Markov chains can almost be represented by a single conditional probability table (CPT), except that the probability of the first k elements (for a k-th order Markov chain) cannot be appropriately represented except by using special characters. Due to this pomegranate takes in a series of k+1 distributions representing the first k elements. For example for a second order Markov chain:

from pomegranate import *
d1 = DiscreteDistribution({'A': 0.25, 'B': 0.75})
d2 = ConditionalProbabilityTable([['A', 'A', 0.1],
                                      ['A', 'B', 0.9],
                                      ['B', 'A', 0.6],
                                      ['B', 'B', 0.4]], [d1])
d3 = ConditionalProbabilityTable([['A', 'A', 'A', 0.4],
                                      ['A', 'A', 'B', 0.6],
                                      ['A', 'B', 'A', 0.8],
                                      ['A', 'B', 'B', 0.2],
                                      ['B', 'A', 'A', 0.9],
                                      ['B', 'A', 'B', 0.1],
                                      ['B', 'B', 'A', 0.2],
                                      ['B', 'B', 'B', 0.8]], [d1, d2])
model = MarkovChain([d1, d2, d3])

Probability

The probability of a sequence under the Markov chain is just the probabiliy of the first character under the first distribution times the probability of the second character under the second distribution and so forth until you go past the (k+1)th character, which remains evaluated under the (k+1)th distribution.
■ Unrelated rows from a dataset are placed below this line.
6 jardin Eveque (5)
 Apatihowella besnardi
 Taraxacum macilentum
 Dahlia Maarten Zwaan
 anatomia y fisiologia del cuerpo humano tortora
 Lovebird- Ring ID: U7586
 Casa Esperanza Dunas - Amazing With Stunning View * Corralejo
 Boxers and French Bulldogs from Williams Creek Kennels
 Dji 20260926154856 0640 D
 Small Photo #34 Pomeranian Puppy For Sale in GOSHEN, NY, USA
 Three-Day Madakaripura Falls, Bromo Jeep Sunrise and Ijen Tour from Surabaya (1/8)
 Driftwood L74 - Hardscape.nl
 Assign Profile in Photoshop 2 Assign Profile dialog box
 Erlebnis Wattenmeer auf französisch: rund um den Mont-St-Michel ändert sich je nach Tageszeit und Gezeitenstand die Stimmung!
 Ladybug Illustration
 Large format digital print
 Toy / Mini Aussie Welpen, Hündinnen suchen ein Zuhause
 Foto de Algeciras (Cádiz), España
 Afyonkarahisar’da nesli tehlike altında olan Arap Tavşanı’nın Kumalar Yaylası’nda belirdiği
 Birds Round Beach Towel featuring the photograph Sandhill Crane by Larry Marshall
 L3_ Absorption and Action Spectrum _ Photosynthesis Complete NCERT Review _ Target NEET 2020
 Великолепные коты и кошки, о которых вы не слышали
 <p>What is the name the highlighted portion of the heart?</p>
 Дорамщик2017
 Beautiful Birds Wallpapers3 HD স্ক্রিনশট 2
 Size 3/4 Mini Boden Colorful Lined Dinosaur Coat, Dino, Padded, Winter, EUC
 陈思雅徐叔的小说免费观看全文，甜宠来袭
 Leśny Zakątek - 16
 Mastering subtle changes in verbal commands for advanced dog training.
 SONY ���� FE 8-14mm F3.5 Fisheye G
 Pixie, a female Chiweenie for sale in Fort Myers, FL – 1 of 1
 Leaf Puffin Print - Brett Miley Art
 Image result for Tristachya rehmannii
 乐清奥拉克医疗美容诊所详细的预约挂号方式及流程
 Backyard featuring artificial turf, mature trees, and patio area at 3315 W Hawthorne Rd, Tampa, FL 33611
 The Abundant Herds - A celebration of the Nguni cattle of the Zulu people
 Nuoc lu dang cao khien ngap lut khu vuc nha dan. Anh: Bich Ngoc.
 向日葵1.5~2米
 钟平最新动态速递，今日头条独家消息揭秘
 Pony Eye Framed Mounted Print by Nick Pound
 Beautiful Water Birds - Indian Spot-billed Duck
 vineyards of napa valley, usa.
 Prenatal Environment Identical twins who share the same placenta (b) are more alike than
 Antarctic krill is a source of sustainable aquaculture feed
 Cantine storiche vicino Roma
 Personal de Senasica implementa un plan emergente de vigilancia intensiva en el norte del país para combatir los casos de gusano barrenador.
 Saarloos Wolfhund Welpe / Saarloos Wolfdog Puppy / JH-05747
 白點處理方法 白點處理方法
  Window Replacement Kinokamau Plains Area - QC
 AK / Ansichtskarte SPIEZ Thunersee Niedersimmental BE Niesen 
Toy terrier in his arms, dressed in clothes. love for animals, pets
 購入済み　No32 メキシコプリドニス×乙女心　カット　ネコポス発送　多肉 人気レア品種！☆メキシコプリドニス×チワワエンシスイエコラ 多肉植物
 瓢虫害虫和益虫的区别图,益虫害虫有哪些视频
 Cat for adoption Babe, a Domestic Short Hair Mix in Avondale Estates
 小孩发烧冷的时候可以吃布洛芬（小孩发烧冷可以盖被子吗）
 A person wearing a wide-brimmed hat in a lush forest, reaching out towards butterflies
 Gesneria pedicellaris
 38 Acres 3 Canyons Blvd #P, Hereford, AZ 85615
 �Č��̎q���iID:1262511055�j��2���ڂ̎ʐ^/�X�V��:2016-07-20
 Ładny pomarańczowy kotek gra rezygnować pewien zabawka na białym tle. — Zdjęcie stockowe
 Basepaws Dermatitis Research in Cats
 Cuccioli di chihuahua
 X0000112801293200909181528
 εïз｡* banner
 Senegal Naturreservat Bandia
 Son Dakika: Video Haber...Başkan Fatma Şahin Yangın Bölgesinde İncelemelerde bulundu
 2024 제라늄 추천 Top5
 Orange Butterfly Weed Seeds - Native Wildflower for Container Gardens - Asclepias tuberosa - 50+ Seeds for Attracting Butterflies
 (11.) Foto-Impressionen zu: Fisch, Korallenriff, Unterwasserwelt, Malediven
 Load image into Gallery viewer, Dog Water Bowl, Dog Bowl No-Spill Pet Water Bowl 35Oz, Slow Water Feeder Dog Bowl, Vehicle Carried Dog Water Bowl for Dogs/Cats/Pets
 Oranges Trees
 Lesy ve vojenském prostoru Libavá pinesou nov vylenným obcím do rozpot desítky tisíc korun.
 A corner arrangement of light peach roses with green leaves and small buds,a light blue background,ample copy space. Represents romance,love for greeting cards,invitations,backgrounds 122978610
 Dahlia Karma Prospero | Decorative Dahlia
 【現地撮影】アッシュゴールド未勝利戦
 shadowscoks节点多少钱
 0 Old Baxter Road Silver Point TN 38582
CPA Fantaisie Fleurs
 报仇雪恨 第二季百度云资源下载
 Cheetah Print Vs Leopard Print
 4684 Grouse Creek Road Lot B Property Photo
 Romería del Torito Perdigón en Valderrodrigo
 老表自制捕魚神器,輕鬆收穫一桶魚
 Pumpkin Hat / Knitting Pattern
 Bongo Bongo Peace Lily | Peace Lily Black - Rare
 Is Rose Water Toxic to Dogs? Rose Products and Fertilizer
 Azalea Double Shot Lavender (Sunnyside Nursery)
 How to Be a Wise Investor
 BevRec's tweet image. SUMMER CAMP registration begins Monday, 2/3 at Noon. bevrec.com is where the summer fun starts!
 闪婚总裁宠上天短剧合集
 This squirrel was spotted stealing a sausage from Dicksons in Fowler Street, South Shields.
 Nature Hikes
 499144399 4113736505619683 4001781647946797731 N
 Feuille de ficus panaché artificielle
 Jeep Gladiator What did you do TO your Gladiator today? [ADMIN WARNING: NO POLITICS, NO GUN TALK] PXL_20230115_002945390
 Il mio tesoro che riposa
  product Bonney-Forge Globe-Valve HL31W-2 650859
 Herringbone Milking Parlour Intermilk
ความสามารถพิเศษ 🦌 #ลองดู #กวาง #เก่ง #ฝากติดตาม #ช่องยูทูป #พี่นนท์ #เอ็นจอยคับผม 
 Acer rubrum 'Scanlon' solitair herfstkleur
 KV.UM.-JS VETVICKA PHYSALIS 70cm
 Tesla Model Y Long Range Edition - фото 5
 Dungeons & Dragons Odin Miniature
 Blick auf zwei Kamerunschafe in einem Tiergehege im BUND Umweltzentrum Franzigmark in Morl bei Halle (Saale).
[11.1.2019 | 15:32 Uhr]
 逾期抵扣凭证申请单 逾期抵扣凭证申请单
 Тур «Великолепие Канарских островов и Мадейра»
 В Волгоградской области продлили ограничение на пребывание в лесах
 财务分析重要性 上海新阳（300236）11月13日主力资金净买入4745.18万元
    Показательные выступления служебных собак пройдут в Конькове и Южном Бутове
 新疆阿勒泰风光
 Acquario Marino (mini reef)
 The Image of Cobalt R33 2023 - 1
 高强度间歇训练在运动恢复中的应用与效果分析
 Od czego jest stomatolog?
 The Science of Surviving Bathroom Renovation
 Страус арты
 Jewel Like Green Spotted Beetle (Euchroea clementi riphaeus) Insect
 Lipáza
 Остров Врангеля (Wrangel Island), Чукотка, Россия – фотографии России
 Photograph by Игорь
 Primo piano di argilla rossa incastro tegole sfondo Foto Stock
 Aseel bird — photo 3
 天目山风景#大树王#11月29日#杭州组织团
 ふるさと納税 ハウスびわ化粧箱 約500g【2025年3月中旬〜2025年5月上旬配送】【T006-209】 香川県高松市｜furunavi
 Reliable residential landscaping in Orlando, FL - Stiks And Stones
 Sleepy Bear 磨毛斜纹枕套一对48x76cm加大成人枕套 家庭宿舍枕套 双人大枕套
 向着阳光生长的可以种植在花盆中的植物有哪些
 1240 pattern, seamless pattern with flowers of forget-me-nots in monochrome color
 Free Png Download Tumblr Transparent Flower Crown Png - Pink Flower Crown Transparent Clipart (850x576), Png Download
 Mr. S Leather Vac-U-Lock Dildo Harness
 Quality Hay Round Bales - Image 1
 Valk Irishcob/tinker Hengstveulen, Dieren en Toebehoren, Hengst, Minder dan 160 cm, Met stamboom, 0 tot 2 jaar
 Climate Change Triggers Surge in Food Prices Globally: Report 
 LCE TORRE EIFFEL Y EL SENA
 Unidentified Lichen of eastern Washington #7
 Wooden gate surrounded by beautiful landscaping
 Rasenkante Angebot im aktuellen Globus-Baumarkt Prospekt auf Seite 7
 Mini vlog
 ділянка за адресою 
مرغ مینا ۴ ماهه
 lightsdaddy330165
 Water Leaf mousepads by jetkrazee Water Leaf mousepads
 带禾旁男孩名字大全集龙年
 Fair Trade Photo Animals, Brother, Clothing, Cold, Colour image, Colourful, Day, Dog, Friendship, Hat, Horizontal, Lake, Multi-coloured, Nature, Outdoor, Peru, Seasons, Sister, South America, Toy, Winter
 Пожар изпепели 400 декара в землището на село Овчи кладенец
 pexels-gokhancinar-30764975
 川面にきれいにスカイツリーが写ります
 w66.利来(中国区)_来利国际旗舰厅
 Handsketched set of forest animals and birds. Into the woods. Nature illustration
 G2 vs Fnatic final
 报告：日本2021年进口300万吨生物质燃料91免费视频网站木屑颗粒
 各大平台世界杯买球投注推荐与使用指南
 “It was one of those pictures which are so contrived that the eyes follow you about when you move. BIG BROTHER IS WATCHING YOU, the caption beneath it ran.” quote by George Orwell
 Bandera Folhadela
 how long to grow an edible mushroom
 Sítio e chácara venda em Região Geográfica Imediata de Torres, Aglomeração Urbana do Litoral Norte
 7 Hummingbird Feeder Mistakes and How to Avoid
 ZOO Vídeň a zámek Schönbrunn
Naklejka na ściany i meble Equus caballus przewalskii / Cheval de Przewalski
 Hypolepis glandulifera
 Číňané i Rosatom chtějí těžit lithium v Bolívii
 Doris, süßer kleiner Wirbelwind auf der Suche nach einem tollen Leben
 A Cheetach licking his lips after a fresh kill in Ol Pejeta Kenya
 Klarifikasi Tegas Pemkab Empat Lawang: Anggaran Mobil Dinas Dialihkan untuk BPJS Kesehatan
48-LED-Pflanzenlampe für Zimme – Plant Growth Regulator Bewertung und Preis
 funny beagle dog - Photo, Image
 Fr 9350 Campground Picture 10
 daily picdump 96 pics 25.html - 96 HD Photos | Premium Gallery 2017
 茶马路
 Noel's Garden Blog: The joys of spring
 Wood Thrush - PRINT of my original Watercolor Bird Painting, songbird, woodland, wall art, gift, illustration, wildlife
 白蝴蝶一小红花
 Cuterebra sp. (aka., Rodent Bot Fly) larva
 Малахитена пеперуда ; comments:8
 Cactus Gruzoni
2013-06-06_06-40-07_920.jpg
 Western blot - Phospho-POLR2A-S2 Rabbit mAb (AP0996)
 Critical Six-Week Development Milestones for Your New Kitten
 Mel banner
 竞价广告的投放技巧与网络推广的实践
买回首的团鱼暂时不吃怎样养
We can calculate the probability or log probability in the same manner as any of the other models. Given the model shown before:

>>> model.log_probability(['A', 'B', 'B', 'B'])
-3.324236340526027
>>> model.log_probability(['A', 'A', 'A', 'A'])
-5.521460917862246

Fitting

Markov chains are not very complicated to train. For each sequence the appropriate symbols are sent to the appropriate distributions and maximum likelihood estimates are used to update the parameters of the distributions. There are no latent factors to train and so no expectation maximization or iterative algorithms are needed to train anything.

API Reference

class pomegranate.MarkovChain.MarkovChain

A Markov Chain.

Implemented as a series of conditional distributions, the Markov chain models P(X_i | X_i-1...X_i-k) for a k-th order Markov network. The conditional dependencies are directly on the emissions, and not on a hidden state as in a hidden Markov model.

Parameters:

distributions : list, shape (k+1)

A list of the conditional distributions which make up the markov chain. Begins with P(X_i), then P(X_i | X_i-1). For a k-th order markov chain you must put in k+1 distributions.

Examples

>>> from pomegranate import *
>>> d1 = DiscreteDistribution({'A': 0.25, 'B': 0.75})
>>> d2 = ConditionalProbabilityTable([['A', 'A', 0.33],
                                     ['B', 'A', 0.67],
                                     ['A', 'B', 0.82],
                                     ['B', 'B', 0.18]], [d1])
>>> mc = MarkovChain([d1, d2])
>>> mc.log_probability(list('ABBAABABABAABABA'))
-8.9119890701808213

Attributes

distributions (list, shape (k+1)) The distributions which make up the chain.
fit()

Fit the model to new data using MLE.

The underlying distributions are fed in their appropriate points and weights and are updated.

Parameters:

sequences : array-like, shape (n_samples, variable)

This is the data to train on. Each row is a sample which contains a sequence of variable length

weights : array-like, shape (n_samples,), optional

The initial weights of each sample. If nothing is passed in then each sample is assumed to be the same weight. Default is None.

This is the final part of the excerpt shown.